The JavaScript RegEx API

Regular Expressions are about as elegant as a pig on a bicycle. Using a regular expression feels like resorting to machine code when all those patterns we’re taught to love just aren’t up to the job. Which, I suppose, is also a reason to like them. They have a brute force directness, free from pattern politics and endless analysis.

And they work. Eventually.

If the JavaScript Regular Expressions API makes your head spin then this might be for you. I’ll document the basics and demonstrate how you might use them to full effect.

For the sake of brevity (not to mention my own lack of regex proficiency) I won’t discuss the syntax of the expressions themselves. Suffice to say, JavaScript regEx syntax is Perl based. There are many excellent online resources for this, as well as some nice online RegEx testers.

The RegExp object

RegExp is a global object which serves three purposes:-

1) It’s a constructor function for creating new instances of Regular Expressions…

It accepts the expression and (optionally) the flags as arguments. As with strings, in regex you can drop the constructor syntax and just specify the literal on it own. RegEx literals are delimited by the / symbol instead of quotes.

var a = new RegExp("\\b[\\w]{4}\\b","g"); //match all four letter words

//same as...
a = /\b\w{4}\b/g;
a.constructor //RegExp()

2) It aggregates a set of global (static) properties reflecting the most recent regex match…

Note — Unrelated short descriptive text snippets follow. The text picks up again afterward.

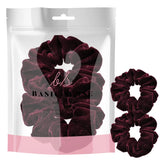 Red velvet flower hair scrunchie set: 2 luxurious pieces for girls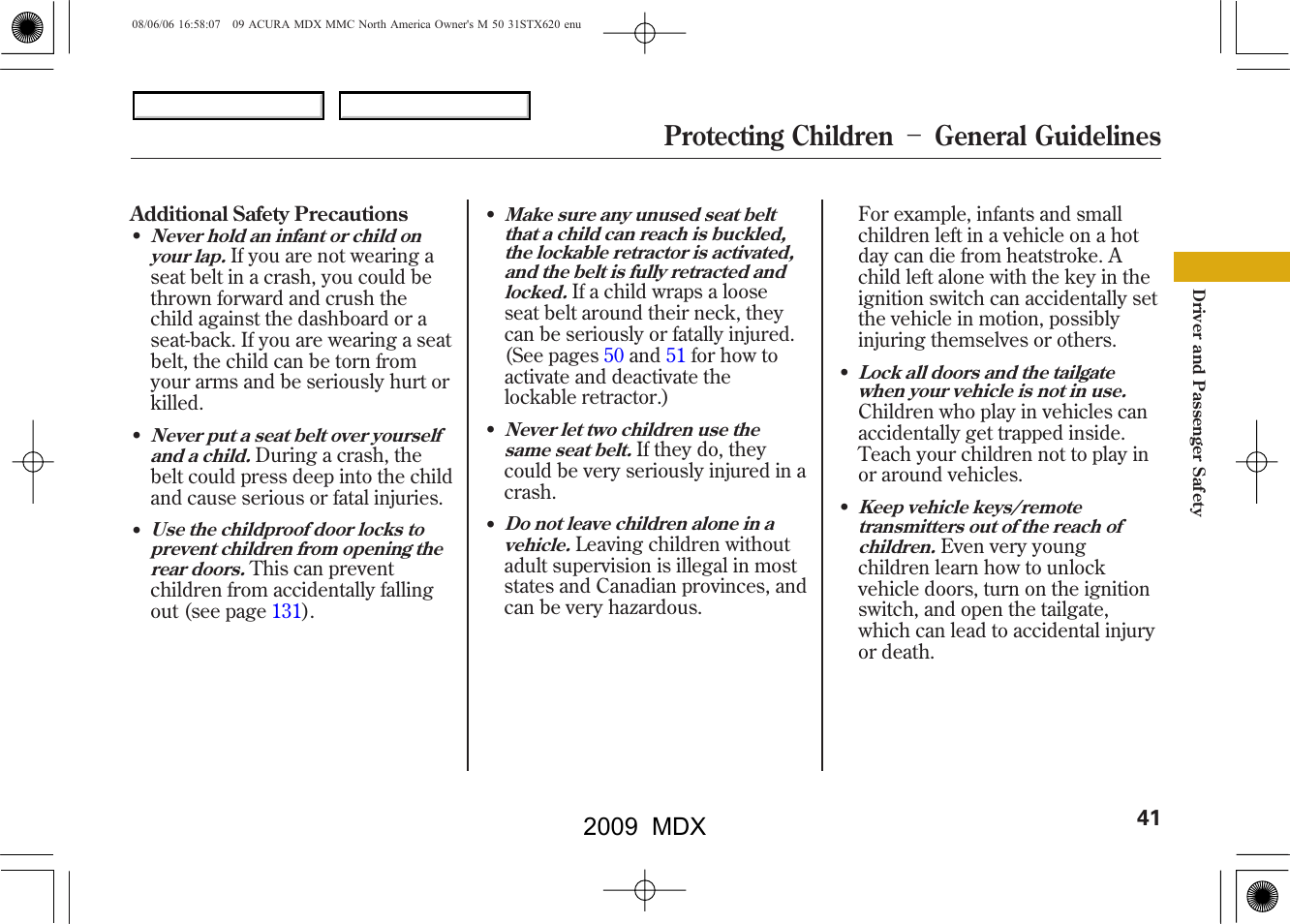 Protecting children － general guidelines, 2009 mdx | Acura 2009 MDX User Manual | Page 45 / 489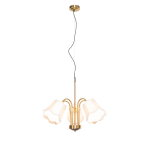 QAZQA Klassieke hanglamp messing met witte lampenkap 5-lichts - Nona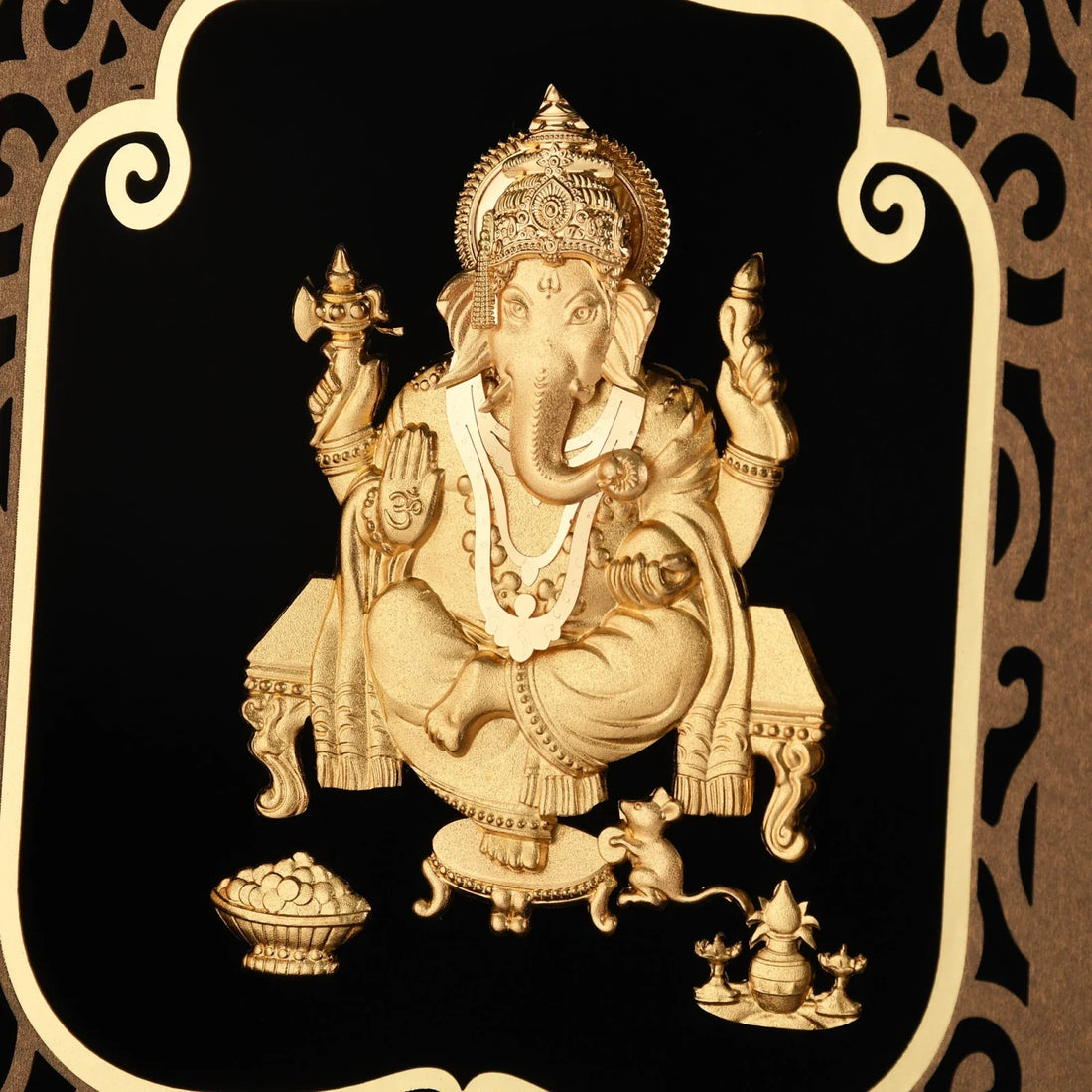 Ganesha Ji 24K Gold Foil Painting with Shiny Gold Versatile Frame, 8x10 Inches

(Edit All these properties were omitted from ECMA 3 but still work in the latest versions of all the major browsers)

leftContext, the text to the left of the most recent match
rightContext, text to the right of the most recent match
lastMatch, the most recently matched text
lastParen, the text matched by the last parenthezised subexpression
$n, the text matched by the nth parenthezised groups (up to n==9)

"(penalty)Lampard, Frank(1-0)".match(/\b([\w]+),\s?([\w]+)/g);

RegExp.leftContext //"(penalty)"
RegExp.rightContext //"(1-0)"
RegExp.$1 //"Lampard"
RegExp.$2 //"Frank"

…and a variable that will be applied to the next regex match…

input, if no argument is passed to exec and test use this value instead.

var a = /\b[a-z]{10,}\b/i; //match long alpha-only word

RegExp.input=document.body.innerHTML;

a.test(); //true (on google.com)

3) Each instance stores additional properties…

source,  the full source of the regex expression
global,  search for all matches (the expression’s g attribute is present)
multiline , a boolean specifying whether string used for next match should be treated as single or multiline (equivalent to the m attribute)
ignoreCase,  search ignore’s case (the expression’s i attribute is present)
lastIndex,  index to begin the next search

(lastIndex is writeable, the other three properties are not)

The RegExp prototype also defines 3 methods:-

test

Was the match succesful? (see example above)

exec

When a match is found it returns an array of results where element 0 is the matched text and elements 1 to n represent the matched groups in sequence (equivalent to the RegExp.$n values). If the expression includes the global(g) attribute, the lastIndex property is updated after each call so that repeated calls to exec will loop through each match in the string.

Here’s a method to return the first n cards from the “pack”, such that their total value does not exceed 21. Notice we define an optional group 2 to match the numeric value of cards with non numeric names (e.g King)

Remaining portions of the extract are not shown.